Work item: Only the lines from the opening of the material through the line bearing "Supplement facts and quality badges" should be reproduced, exactly and without pictures.
··· Records for this task
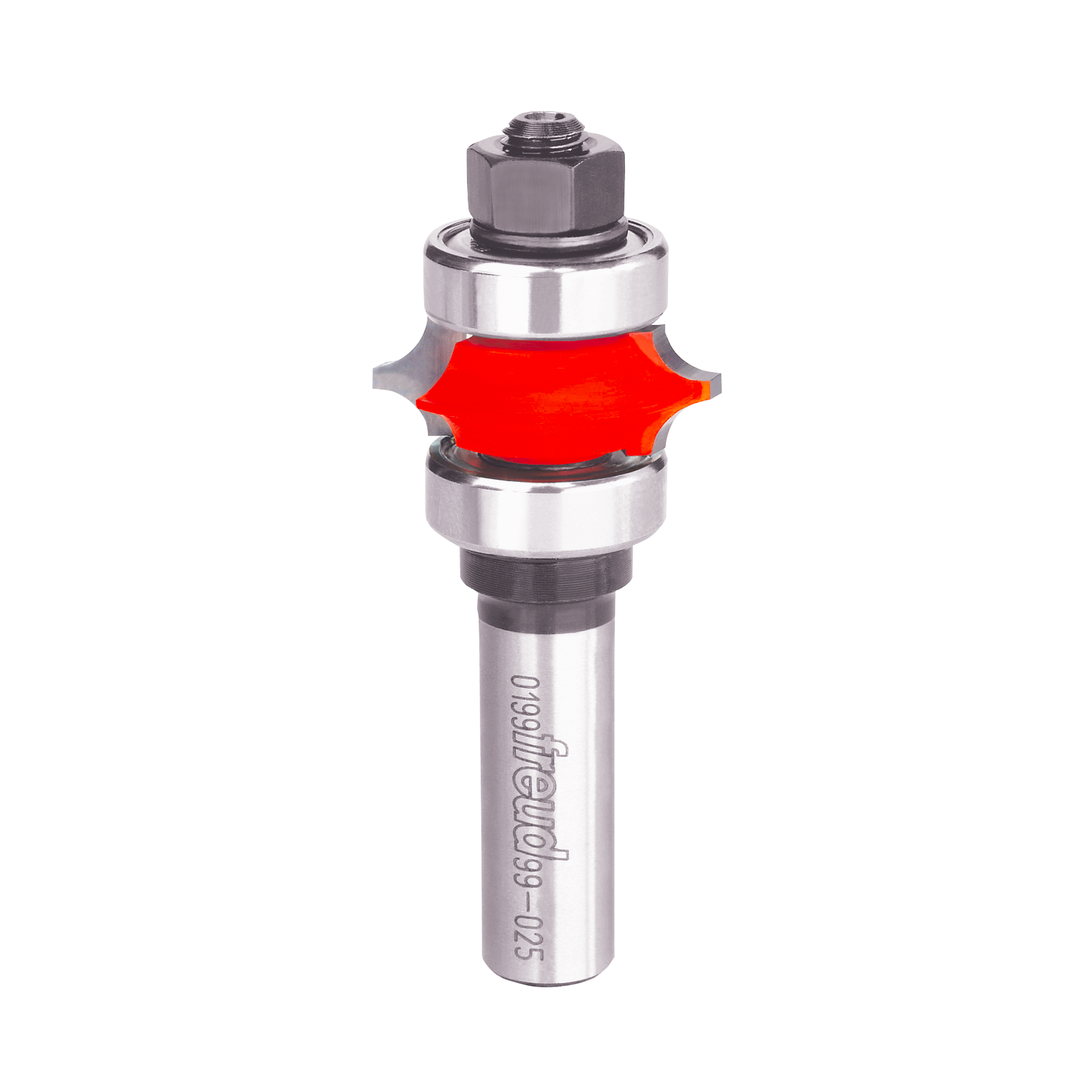 Freud 1-1/4" corner beading bit with red curved cutting edge, silver shank, and hex collet head.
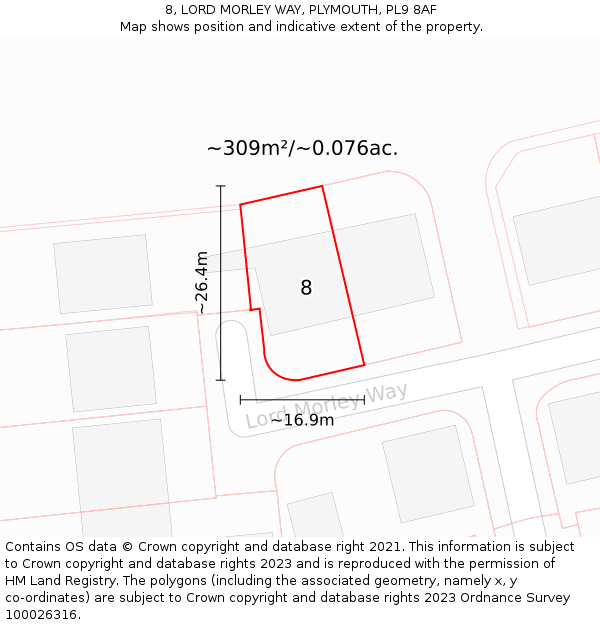 8, LORD MORLEY WAY, PLYMOUTH, PL9 8AF: Plot and title map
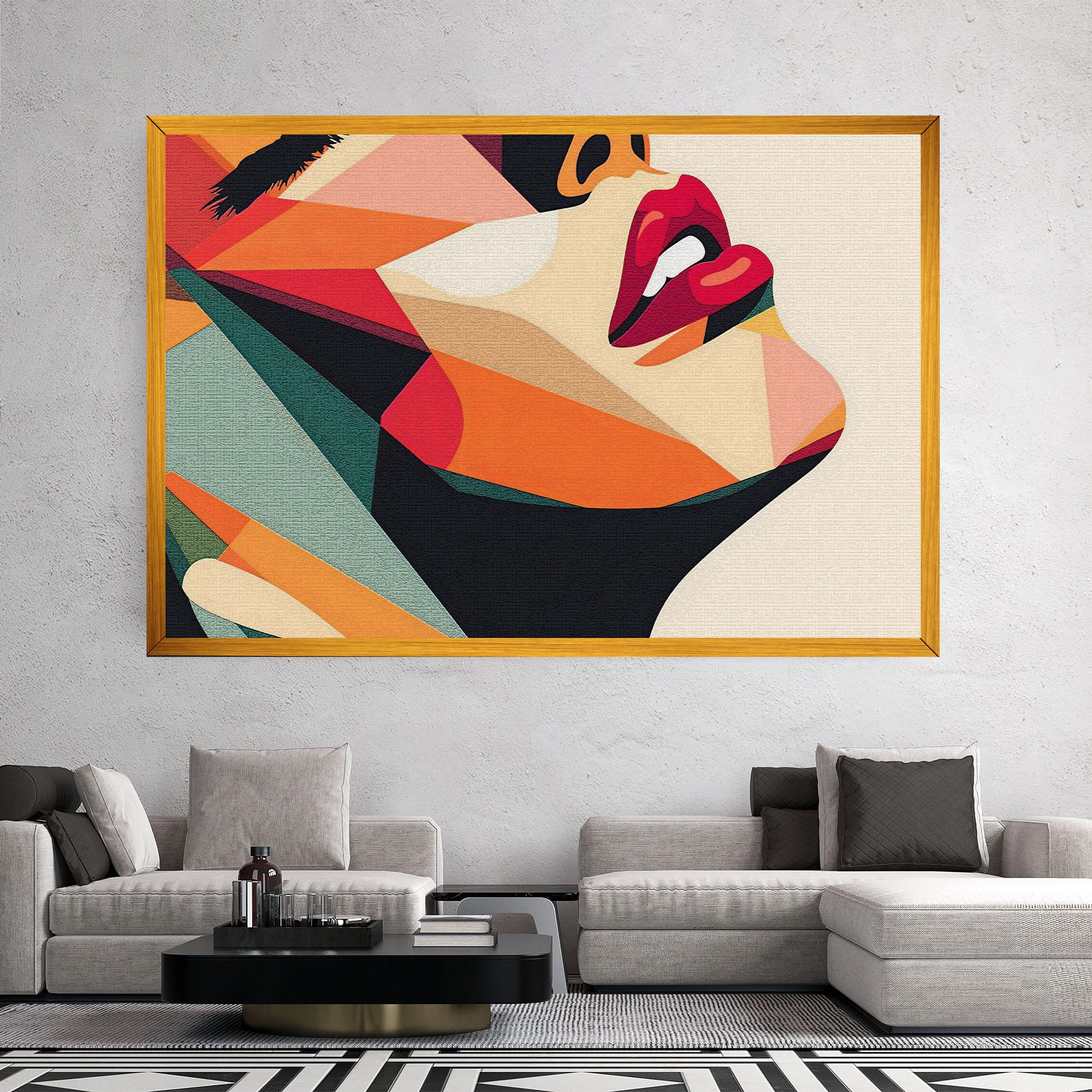 Leinwandbild Pop Art Lips mockup 2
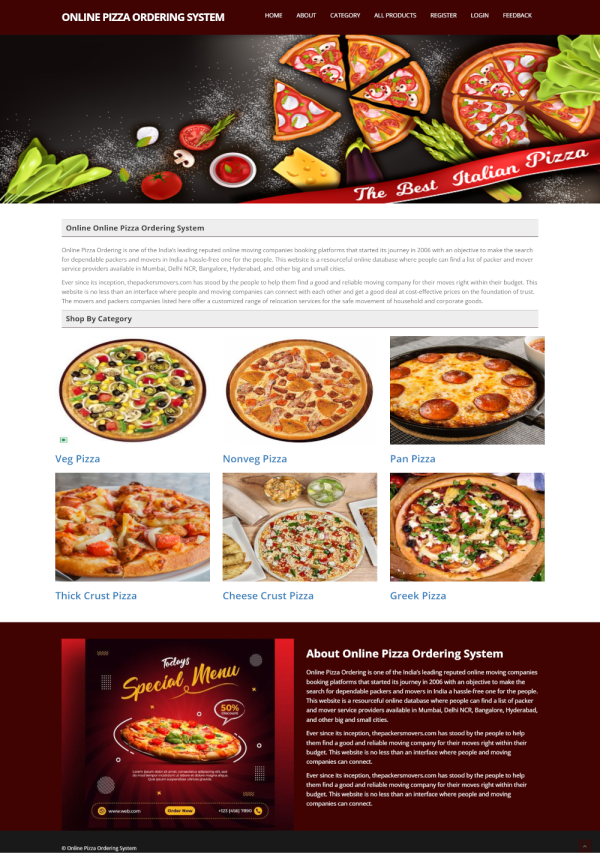 Online Pizza Ordering System Report Synopsis Source Code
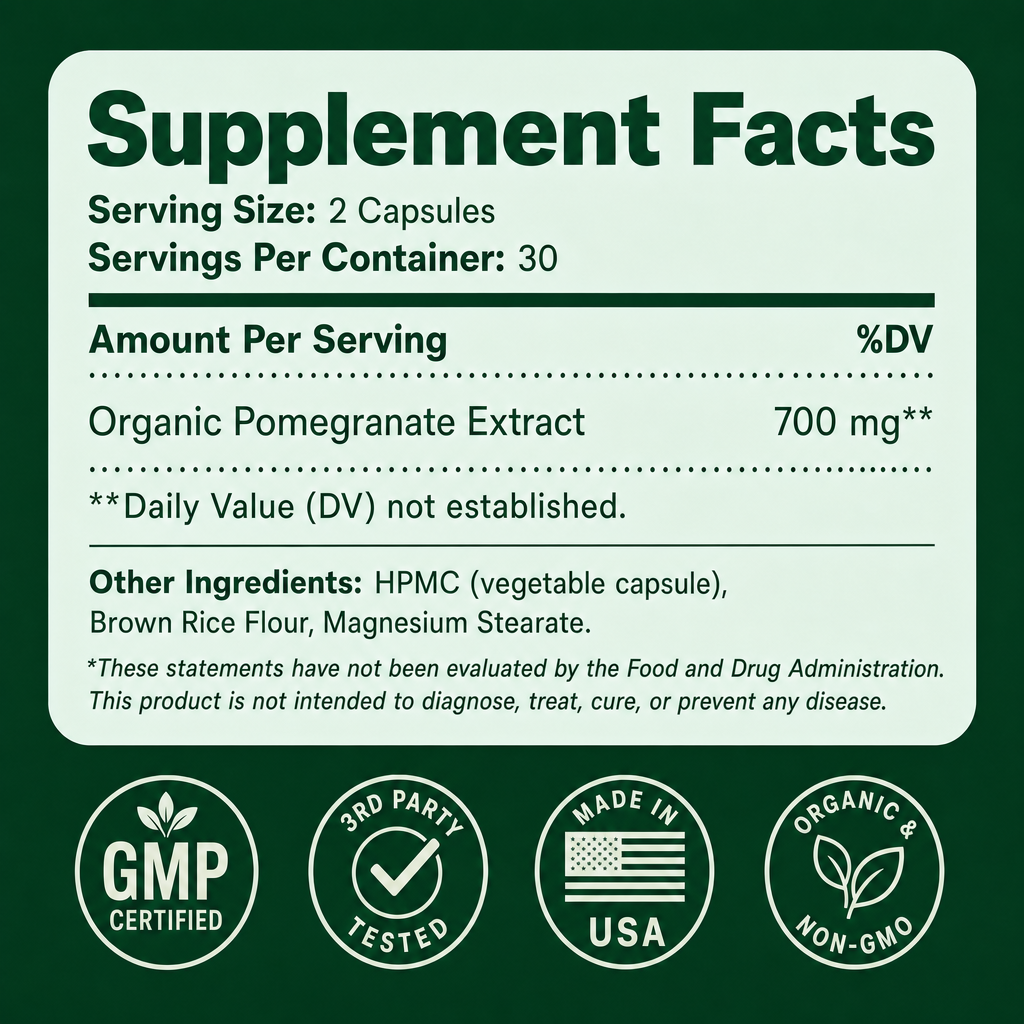 Supplement facts and quality badges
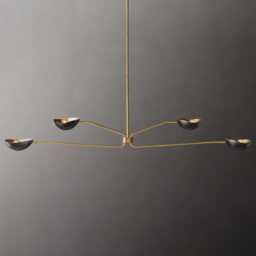 1950's Mid Century Antique Brass Black Orb Sputnik Italian Ceiling Vintage Chandelier 2 Tier Curved 4 Arms Starburst Light Fixture - thumbnail 2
······
Solution to the problem:
 Freud 1-1/4" corner beading bit with red curved cutting edge, silver shank, and hex collet head.
 8, LORD MORLEY WAY, PLYMOUTH, PL9 8AF: Plot and title map
 Leinwandbild Pop Art Lips mockup 2
 Online Pizza Ordering System Report Synopsis Source Code
 Supplement facts and quality badges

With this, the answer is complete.